==== Dataset extract
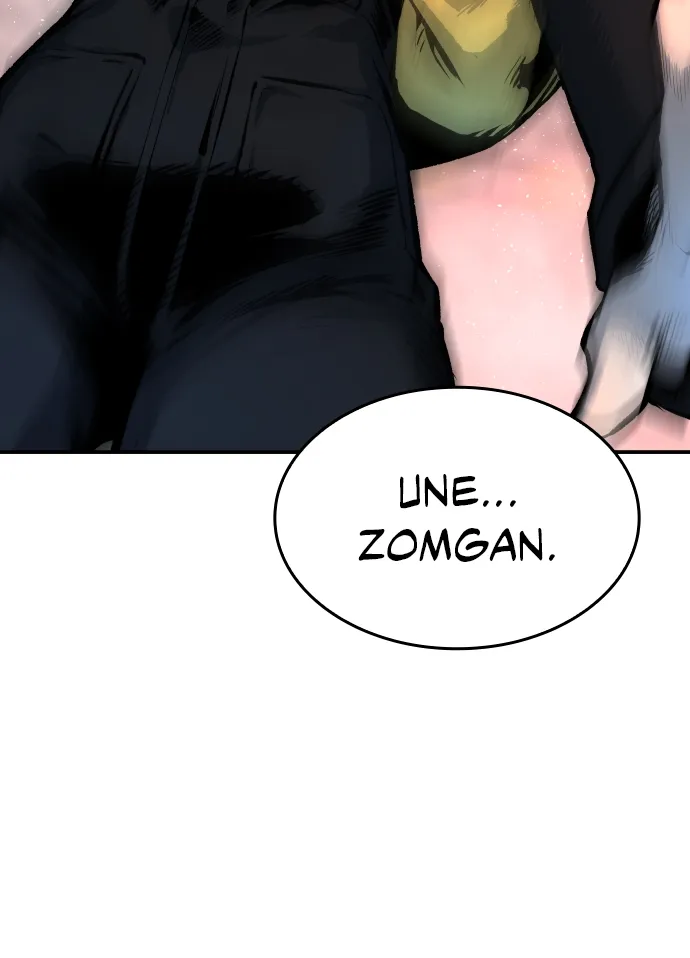Zomgan - 34 - 67ccdf314b8b3.webp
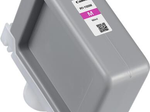Canon Original PFI-1100M Druckerpatrone - magenta (0852C001)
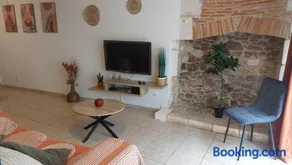Appartement en centre-ville - Image 4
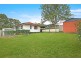 5 Caroona Street, Berkeley NSW 2506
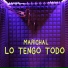 Marichal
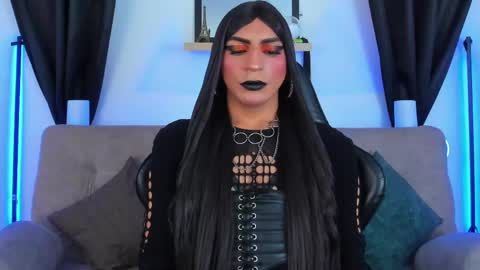 Snapshot of abbigaiil_fuster_ chatting on 05.12.26 Abbigail Fuster online show from 05.12.26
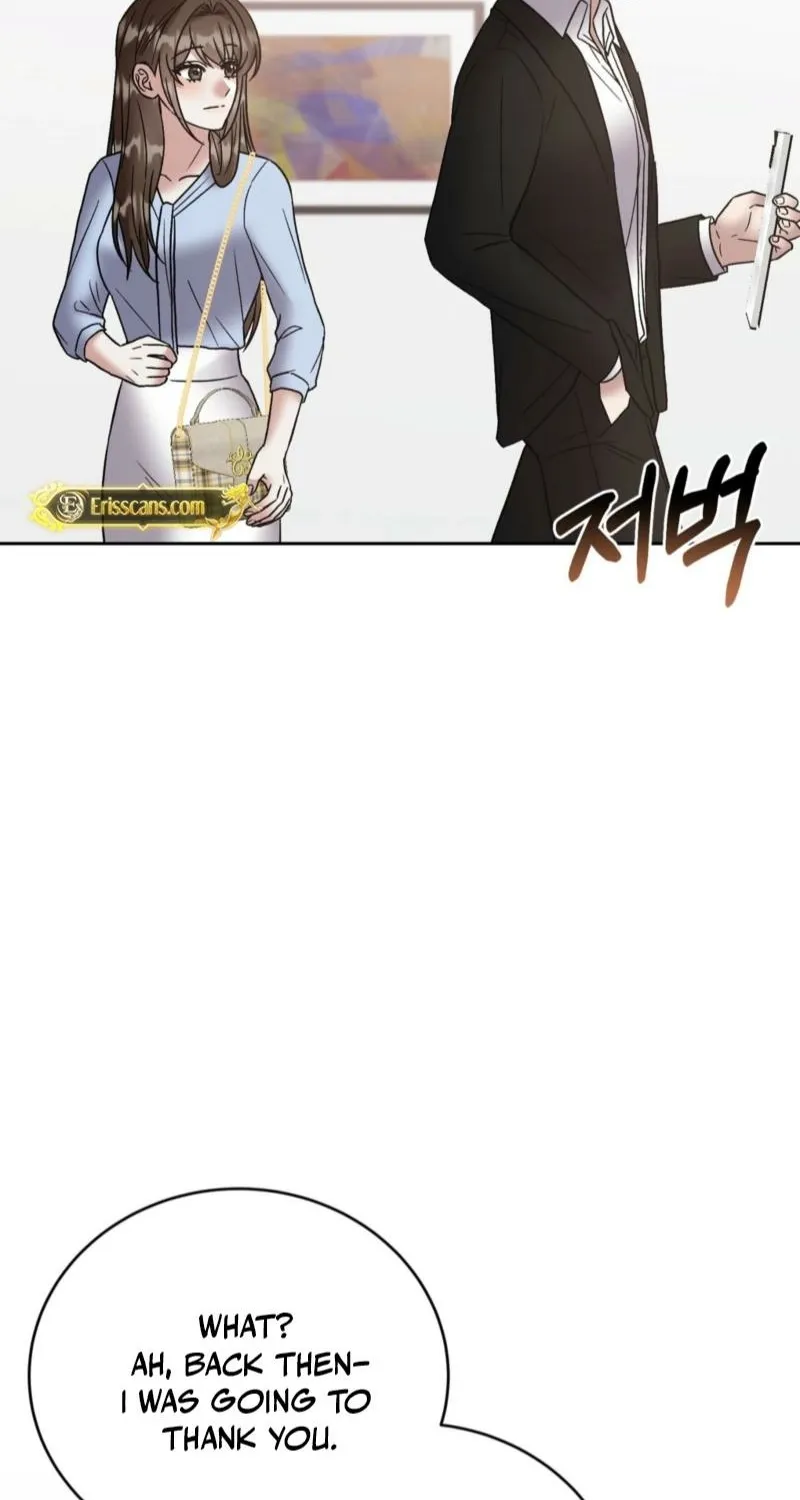 Chapter 11 - Image 24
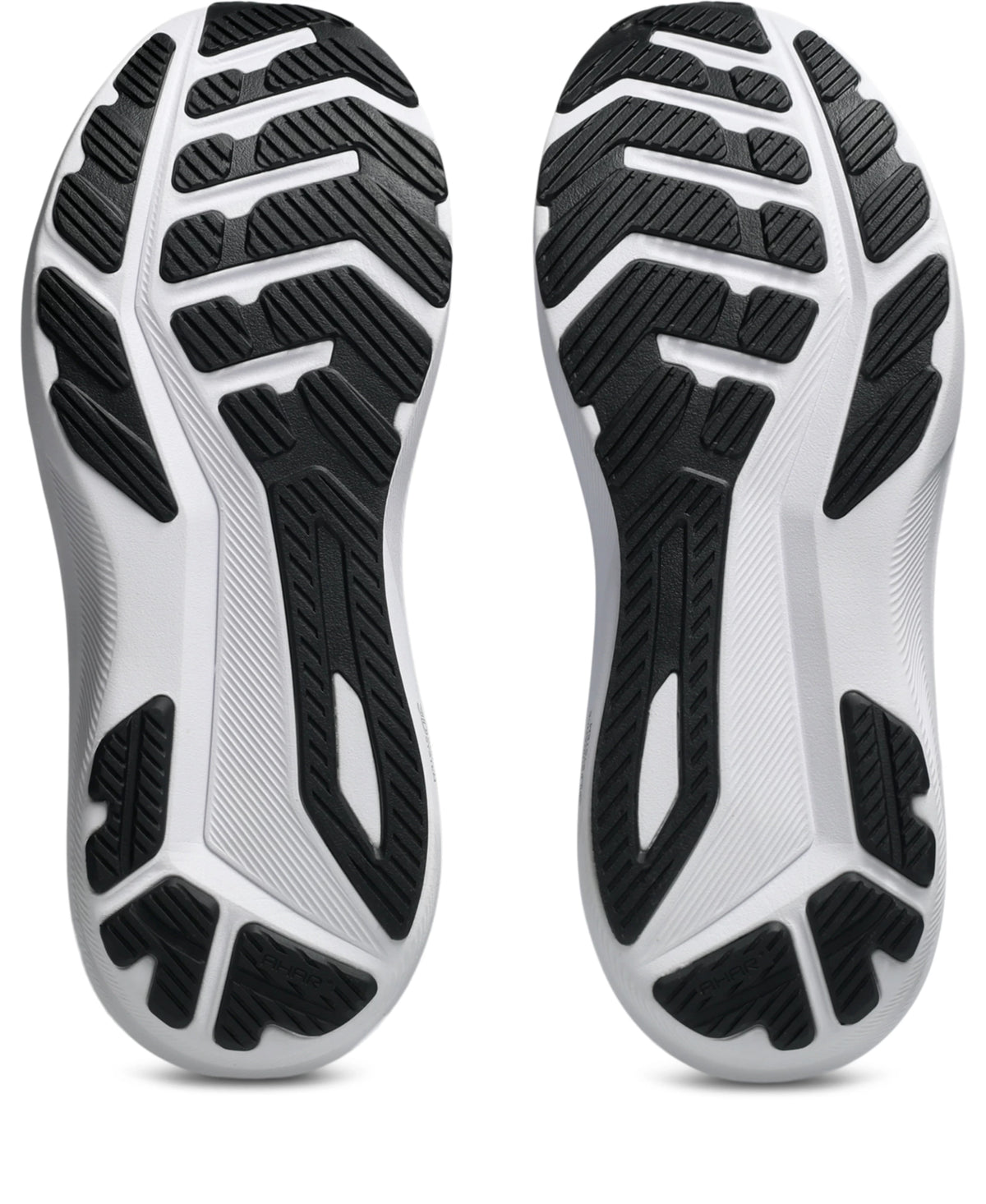 Asics Men's GT-1000 15 Running Shoes-3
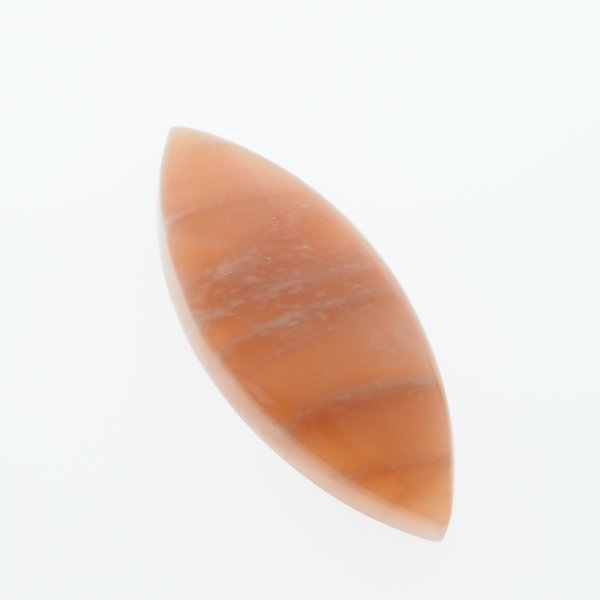 Kamień Słoneczny 45x19x8 mm markiza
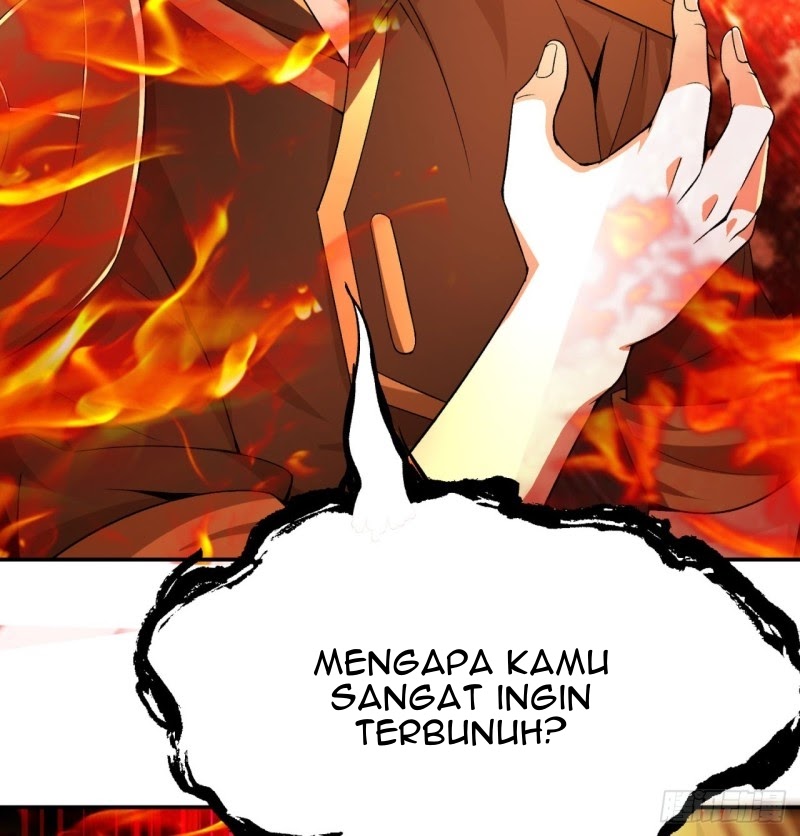 I Picked Up An Attributes Chapter 36 Gambar 29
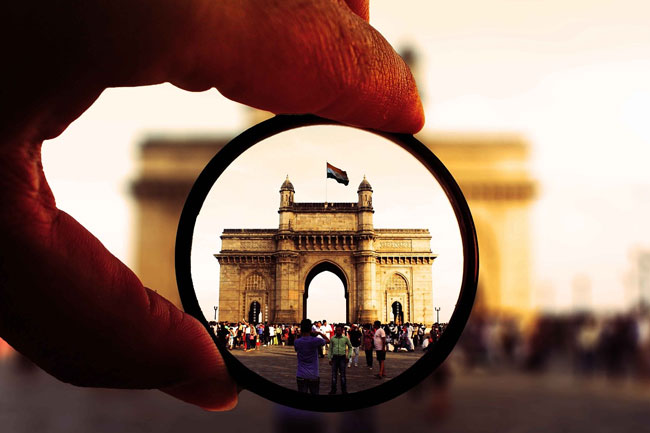 maharashtra-business-opportunities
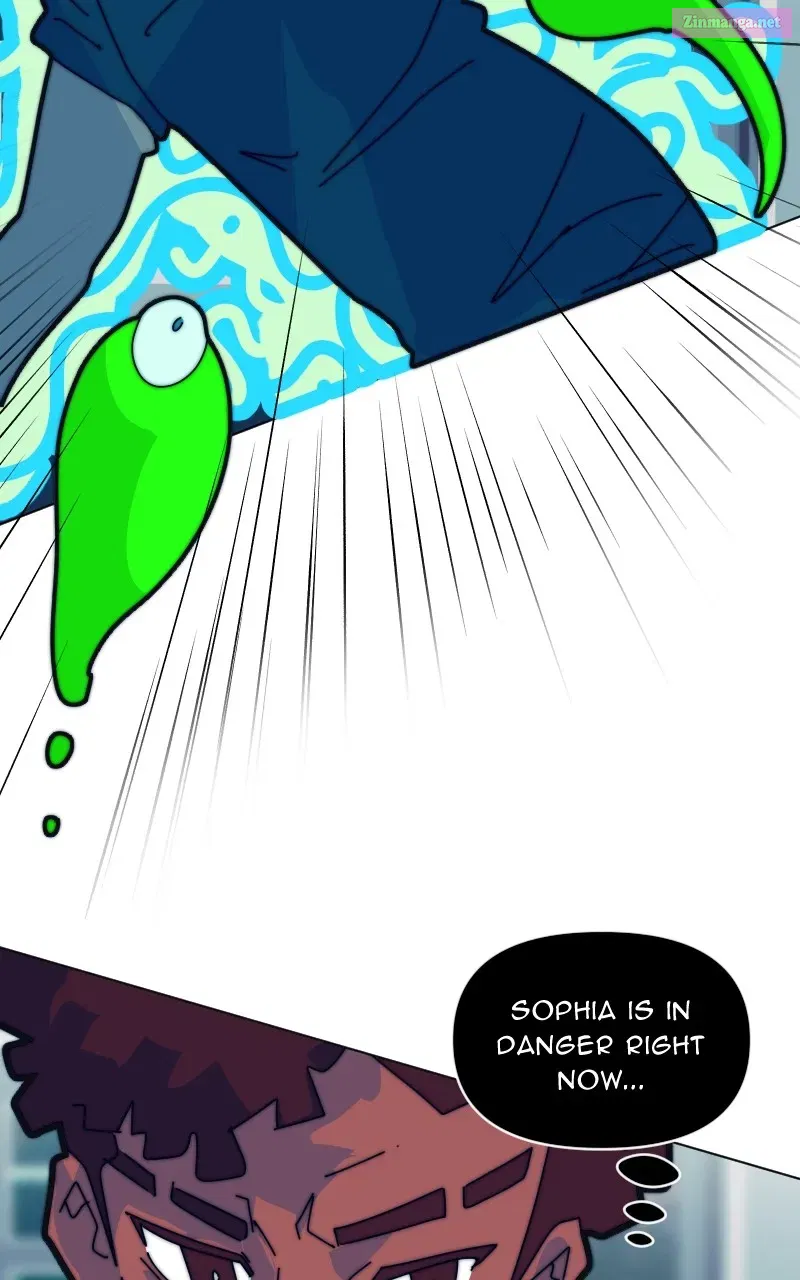 Love Sickubus Zinmanga X Chapter 13 Page 17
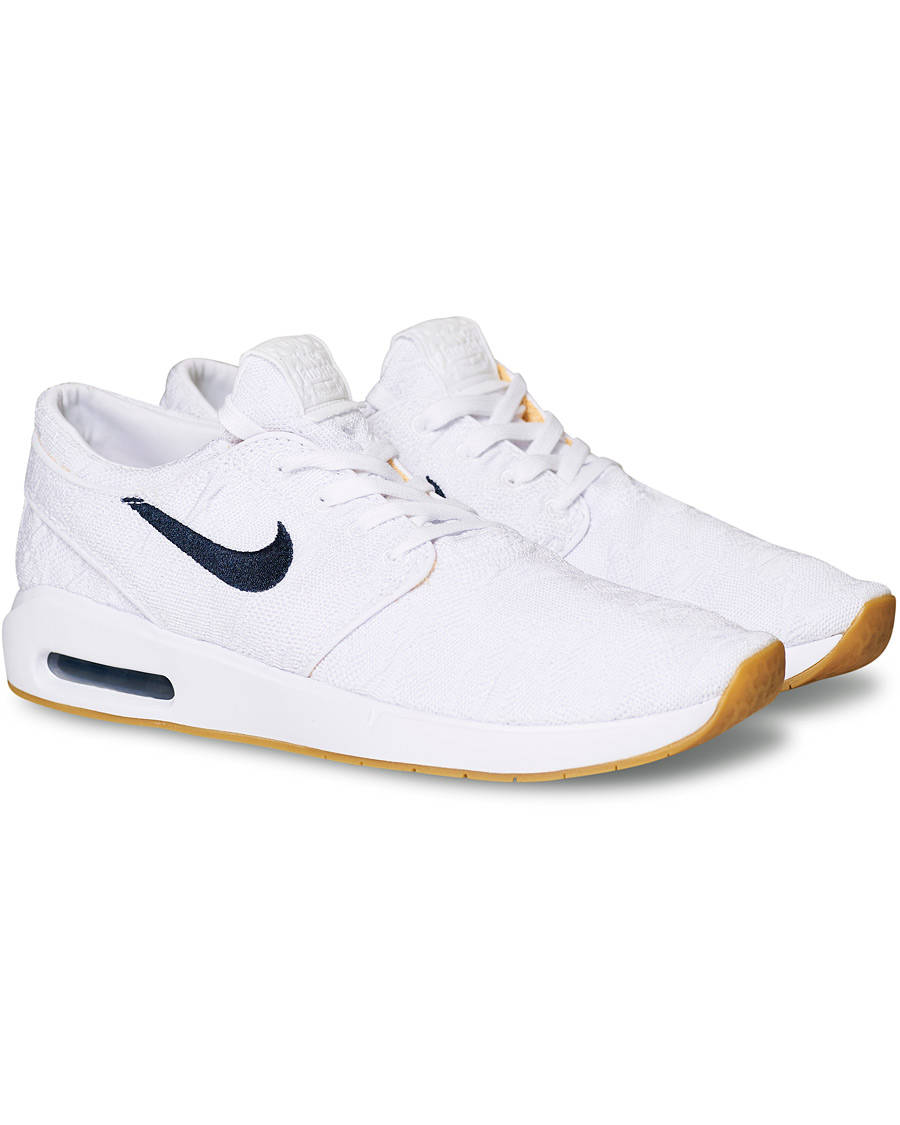 Nike stefan janoski on sale kengät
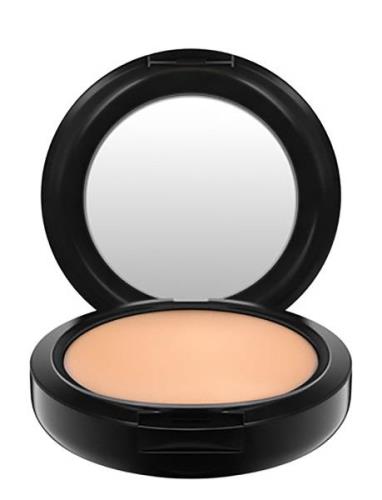 Studio Fix Powder Plus Foundation Meikkivoide Meikki MAC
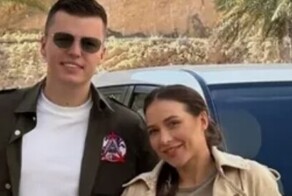 Блогерша Лерчек и её бывший муж снова оказались под следствием за денежные махинации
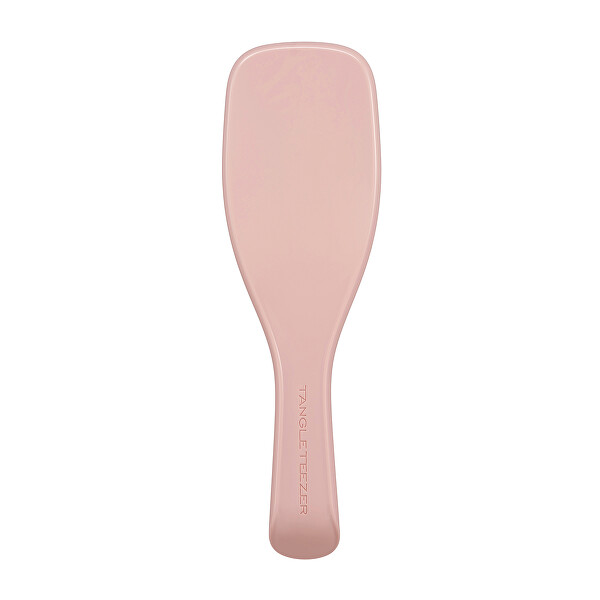 Kartáč na vlasy Ultimate Detangler Summer Rose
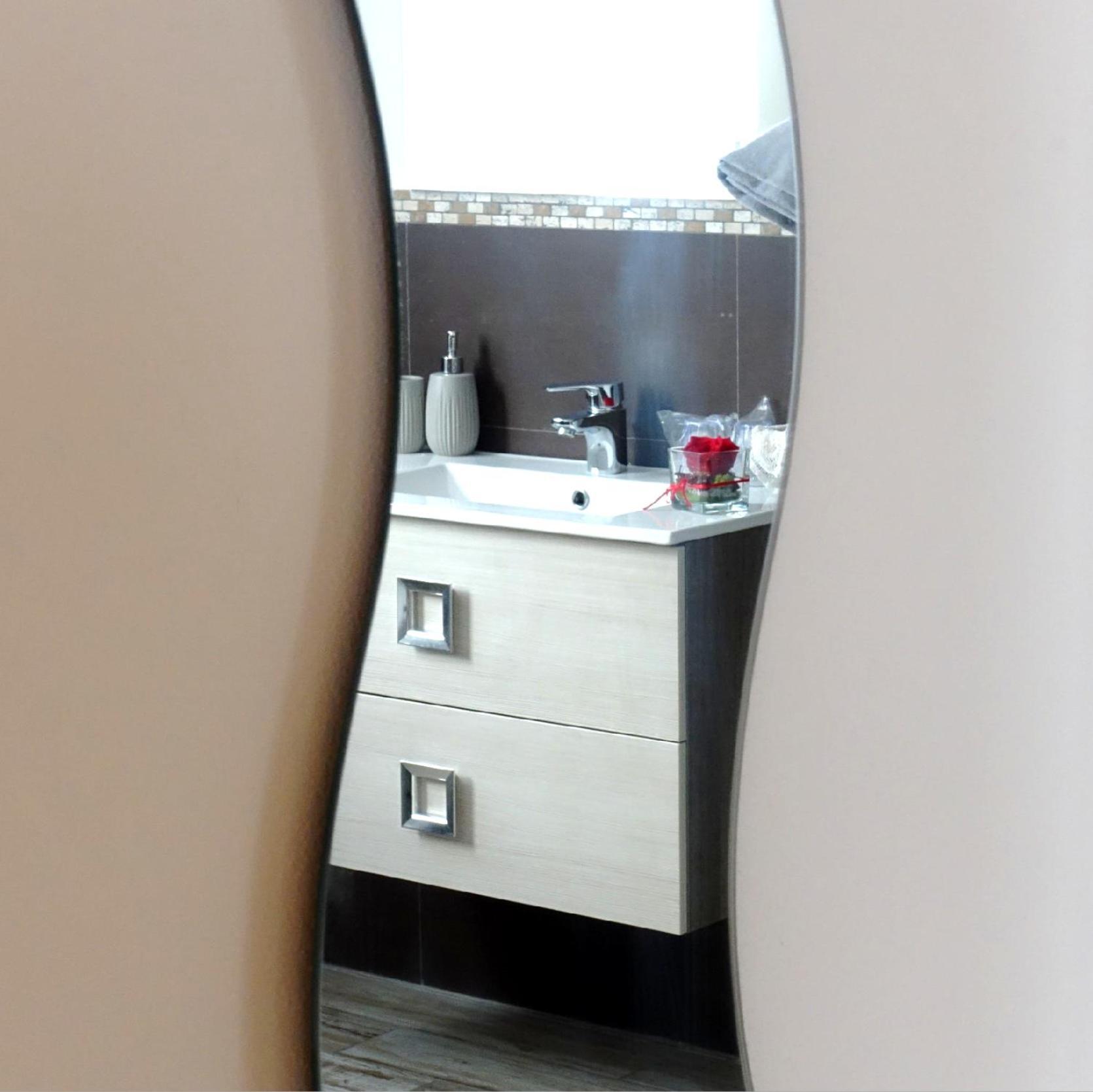 B&B Il Sentiero Noale Oda fotoğraf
========
**Problem details**
Reproduce the data above exactly, but only from the line containing "Kamień Słoneczny 45x19x8 mm markiza" through the line containing "Studio Fix Powder"; skip the pictures.

**Answer area**
 Kamień Słoneczny 45x19x8 mm markiza
 I Picked Up An Attributes Chapter 36 Gambar 29
 maharashtra-business-opportunities
 Love Sickubus Zinmanga X Chapter 13 Page 17
 Nike stefan janoski on sale kengät
 Studio Fix Powder Plus Foundation Meikkivoide Meikki MAC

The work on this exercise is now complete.